I want to get random float numbers in the range [0.0,1.0]
, so most of these numbers should be around 0.5
. Thus I came up with the following function:
static std::random_device __randomDevice;
static std::mt19937 __randomGen(__randomDevice());
static std::normal_distribution<float> __normalDistribution(0.5, 1);
// Get a normally distributed float value in the range [0,1].
inline float GetNormDistrFloat()
{
float val = -1;
do { val = __normalDistribution(__randomGen); } while(val < 0.0f || val > 1.0f);
return val;
}
However, calling that function 1000 times leads to the following distribution:
0.0 - 0.25 : 240 times
0.25 - 0.5 : 262 times
0.5 - 0.75 : 248 times
0.75 - 1.0 : 250 times
I was expecting the first and last quarter of the range to show up much fewer than what is shown above. So it seems I am doing something wrong here.
Any ideas?
Short answer: do not chop off the tails of the normal distribution.
Long answer: The problem is that with a standard deviation of 1 you have most values inside the interval [0,1]. If you take a look at the normal distribution:
The part you are using is very much at the center and you would need many more samples to detect a difference. Just cutting of values outside your range is absolutely not going to give you a normal distributed sample.

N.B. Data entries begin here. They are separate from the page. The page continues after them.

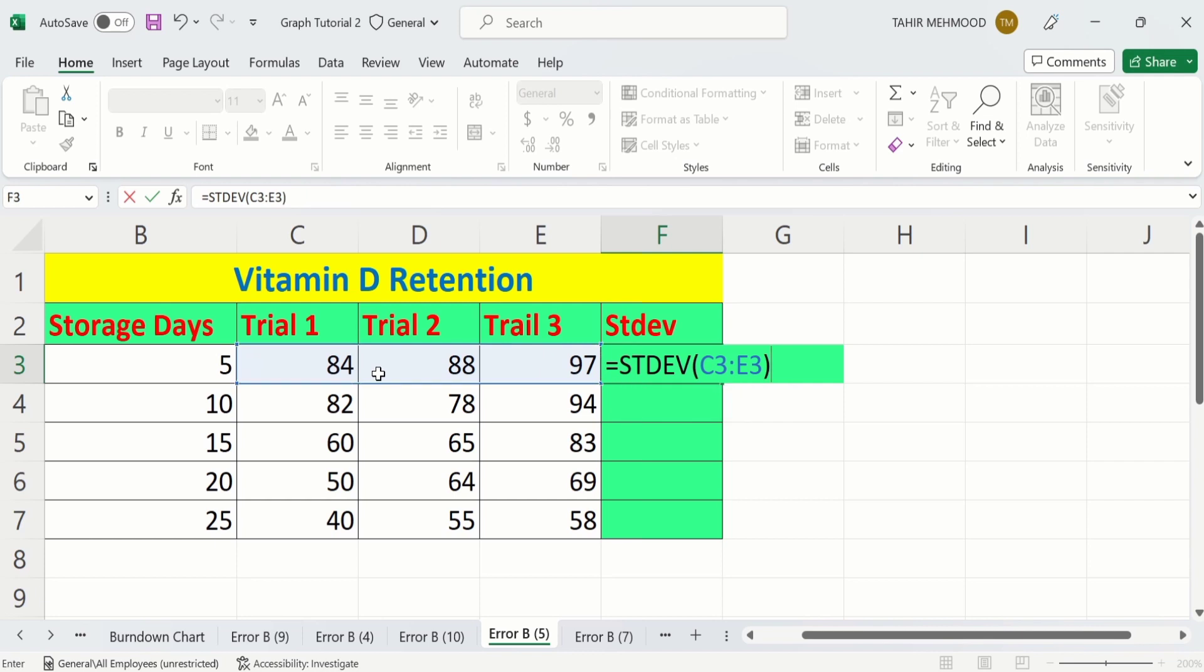Now our formula is complete. First, put equal sign, then write standard deviation. After that, you will select the range of cells which contain your data. After completing this formula, simply press Enter.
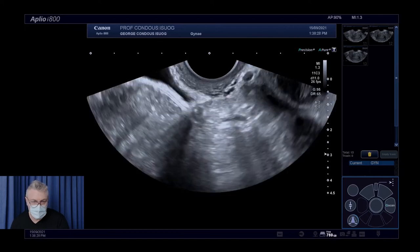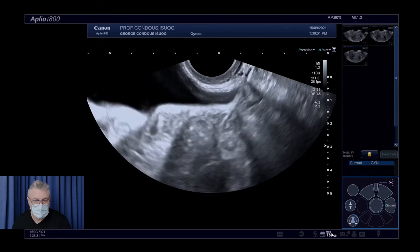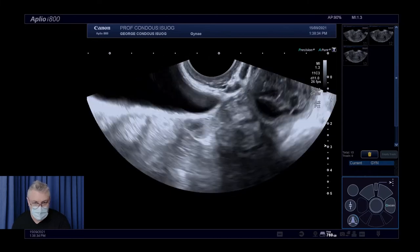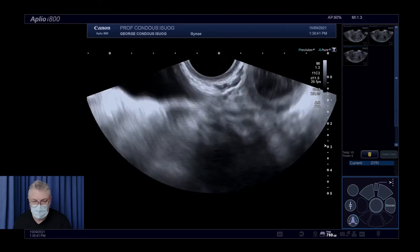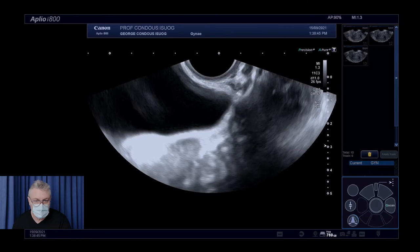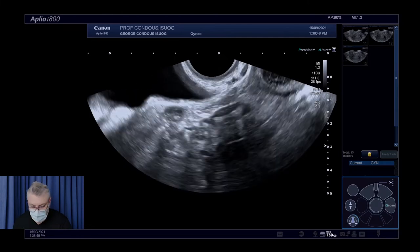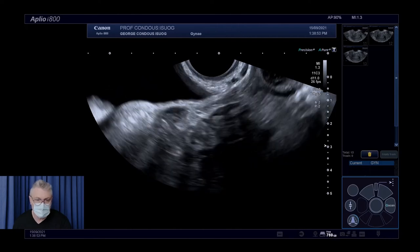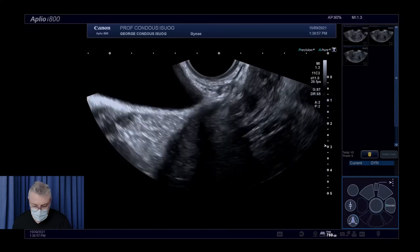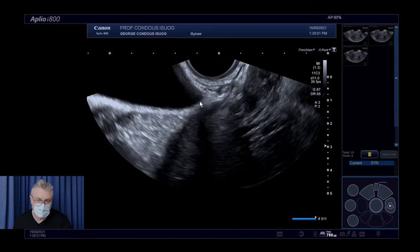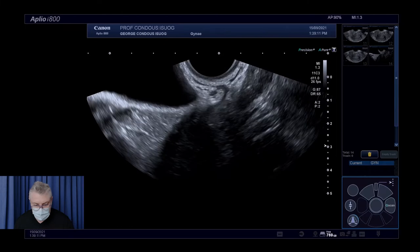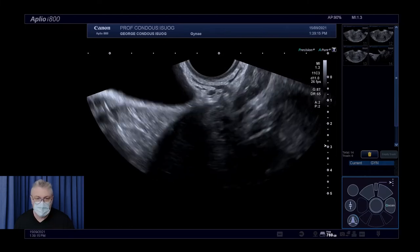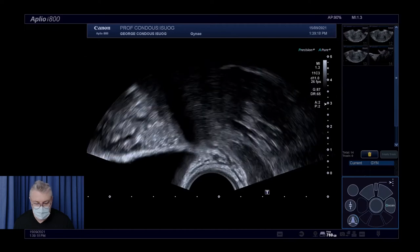We'll now look at the anterior compartment. I always get patients to empty their bladder before the scan, but ask them to have a cup of tea or coffee about an hour beforehand — the caffeine drives continued urine production and allows visualization of vermiculation within the ureters. The bladder base — the junction between the uterus and bladder and the most common site for bladder deep endometriosis — looks normal in this instance. We'll invert and reverse the screen to look specifically at the ureter.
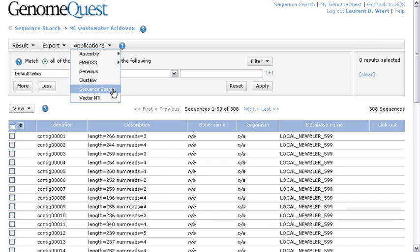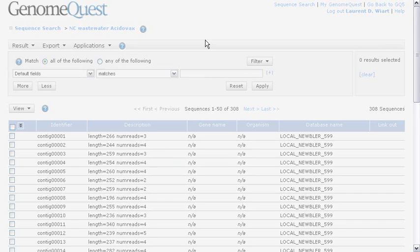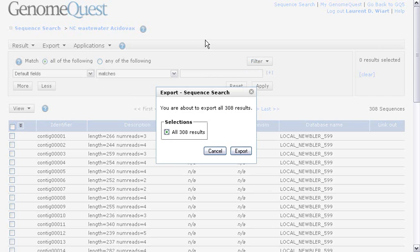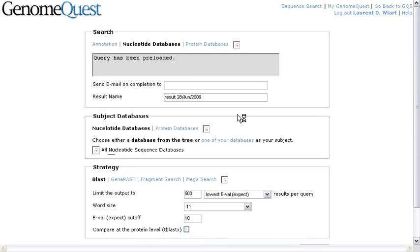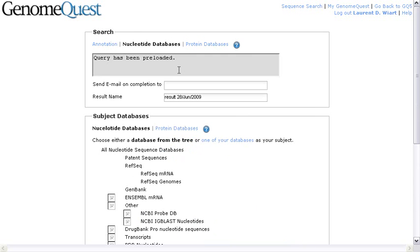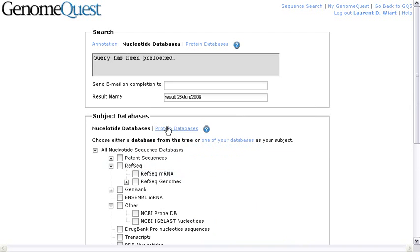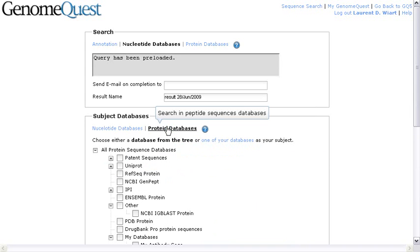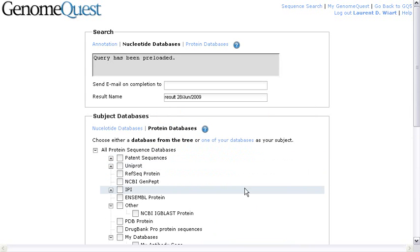For example, go to the sequence search page of GenomeQuest to compare those contigs to other databases. For example, perform a BlastX and compare to some protein databases. And now the new page is loaded, and as you can see, we can compare those nucleotide sequences preloaded to other databases, which could be protein, for example, Uniprot, RefSeq, etc.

You can see that the cumulative densitiy function is almost linear in the [0,1] interval you are using:
Pictures generated with wolfram alpha.
At this zoom in the shape of the distribution is almost triangular, and you can check the output here for more samples:
#include <iostream>
#include <random>
using namespace std;
static std::random_device __randomDevice;
static std::mt19937 __randomGen(__randomDevice());
static std::normal_distribution<float> __normalDistribution(0.5, 1);
// Get a normally distributed float value in the range [0,1].

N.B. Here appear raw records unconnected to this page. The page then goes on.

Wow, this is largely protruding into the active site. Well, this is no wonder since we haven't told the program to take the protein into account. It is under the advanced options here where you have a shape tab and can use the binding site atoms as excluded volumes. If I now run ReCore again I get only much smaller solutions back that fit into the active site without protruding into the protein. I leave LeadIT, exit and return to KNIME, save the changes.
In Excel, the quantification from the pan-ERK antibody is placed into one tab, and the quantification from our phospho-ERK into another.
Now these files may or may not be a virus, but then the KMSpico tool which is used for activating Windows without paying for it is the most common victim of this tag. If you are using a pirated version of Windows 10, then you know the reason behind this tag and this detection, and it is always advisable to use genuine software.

inline float GetNormDistrFloat()
{
float val = -1;
do { val = __normalDistribution(__randomGen); }
while(val < 0.0f || val > 1.0f);
return val;
}
int main() {
int count1=0;
int count2=0;
int count3=0;
int count4=0;
for (int i =0; i< 1000000; i++) {
float val = GetNormDistrFloat();
if (val<0.25){ count1++; continue;}
if (val<0.5){ count2++; continue;}
if (val<0.75){ count3++; continue;}
if (val<1){ count4++; continue;}
}
std::cout<<count1<<", "<<count2<<", "<<count3<<", "<<count4<<std::endl;
return 0;
}
Success time: 0.1 memory: 16072 signal:0
241395, 258131, 258275, 242199
First Option (suggested by Caleth): use (the) logistic function 1 / (1 + exp(-x)), which has a domain (−∞, +∞) and range [0,1]. This way you actually get the full normal distribution.
Another option: Its not as nice mathematically as the one above, but probably faster. You can use a standard normal distribution with mean 0 and deviation 1 and then remap to [0,1]

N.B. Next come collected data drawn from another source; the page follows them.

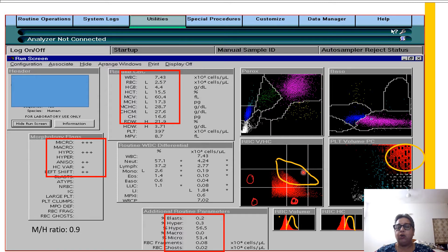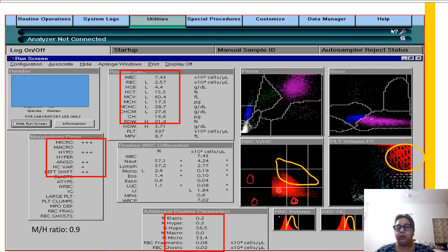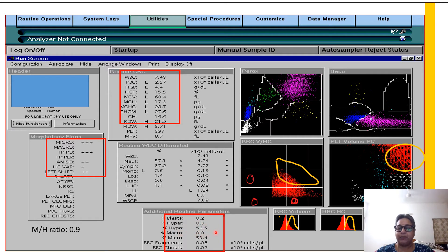Now the normocytic normochromic red cell scatter has shifted to the left and downwards. We know that hypochromasia is on this side and microcytosis is below. So you have a good population of microcytic cells that are also hypochromic. The scatter tells you we are dealing with a microcytic hypochromic anemia, which is corroborated by the histogram. The numerical RBC differential shows percentage hypo is about 56% and percentage microcytic red cells is 53%, which fits with what we see on the picture.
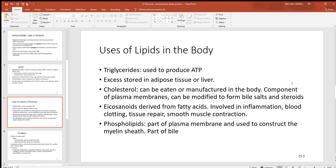Looking at uses of lipids: triglycerides are used to produce energy in the form of ATP, and the excess is stored in the fat cells and the liver. Cholesterol is a component of plasma membranes that can be modified to form other materials like steroids in the body. Eicosanoids, derived from fatty acids, are involved with inflammation, blood clotting, tissue repair, and smooth muscle contraction. Phospholipids are part of the plasma membrane, and also think about the myelin sheath — that electrically insulating layer of fat found around nerves and axons.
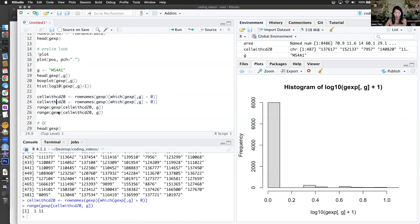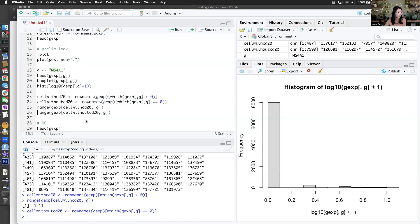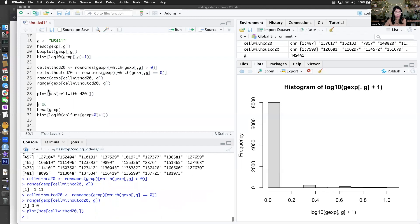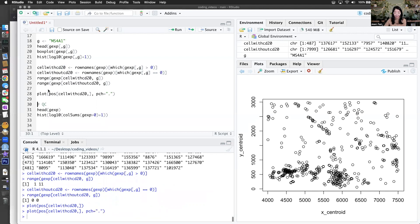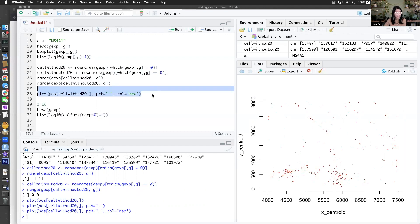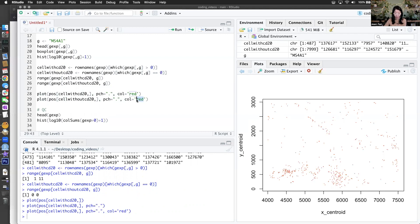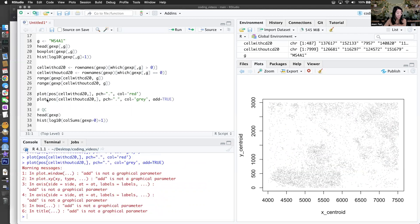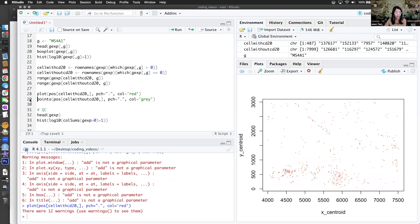Cells without CD20 are the ones that are zeros. Now I have cells with CD20, and maybe I just want to plot their positions. So this is where my cells with CD20 are — I'll make them red. Then I have my cells without CD20, maybe I'll make them gray. I want to put them all together using points. So I just want to see where my cells with CD20 are and where the cells without are.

from a much larger range such as +/- 4 standard deviations. Now you have the problem that the weight of your integral is not longer 1 but a little less. Its not actually a random variable anymore.
If you want to get a weight of 1, you can distribute the remaining tails (outside of 4 stds) by not rerolling but by getting a uniformly distributed random value from the [0,1]
interval, this case:
val = NormalRand(0,1);
if abs(val) < 4 return val/8 + 0.5
else return UniformRand(0,1)
Another option (as suggested by interjay): simply decrease the standard deviation.
It really helps to visualize this. I tend to like R where I can also bring in C++ code easily. So here is a slightly modified version of your code, generated standard normals (ie not truncated) and truncated as you do:
#include <random>
#include <Rcpp.h>
// [[Rcpp::plugins(cpp11)]]
// [[Rcpp::export]]
std::vector<double> getNormals(int n) {
std::vector<double> X(n);
std::mt19937 engine(42);
std::normal_distribution<> normal(0.0, 1.0);
for (int i=0; i<n; i++) {
X[i] = normal(engine);
}
return X;
}
// [[Rcpp::export]]
std::vector<double> getTruncatedNormals(int n) {
std::vector<double> X(n);
std::mt19937 engine(42);
std::normal_distribution<> normal(0.0, 1.0);
int i=0;
while (i<n) {
double x = normal(engine);
if (x > -0.5 && x < 0.5) {
X[i++] = x;
}
}
return X;
}
/*** R
op <- par(mfrow=c(1,2)) # two plot
x <- getNormals(1000)
hist(x, main="Normal")
z <- getTruncatedNormals(1000)
hist(z, main="Truncated")
par(op)
*/
In an R session with the Rcpp package, I can just call Rcpp::sourceCpp("code.cpp")
on the file and the code compiles, loads the two C++ functions and runs the R part at the end. I get this chart:
And even at just 1000 draws, we see the bell curve of the normal, and the near uniform you get when only going 1/2 each side of the mean under a standard deviation of 1.
Long story short: OP knows how to create a distribution, even a truncated one, but now needs to figure out which distribution he wants.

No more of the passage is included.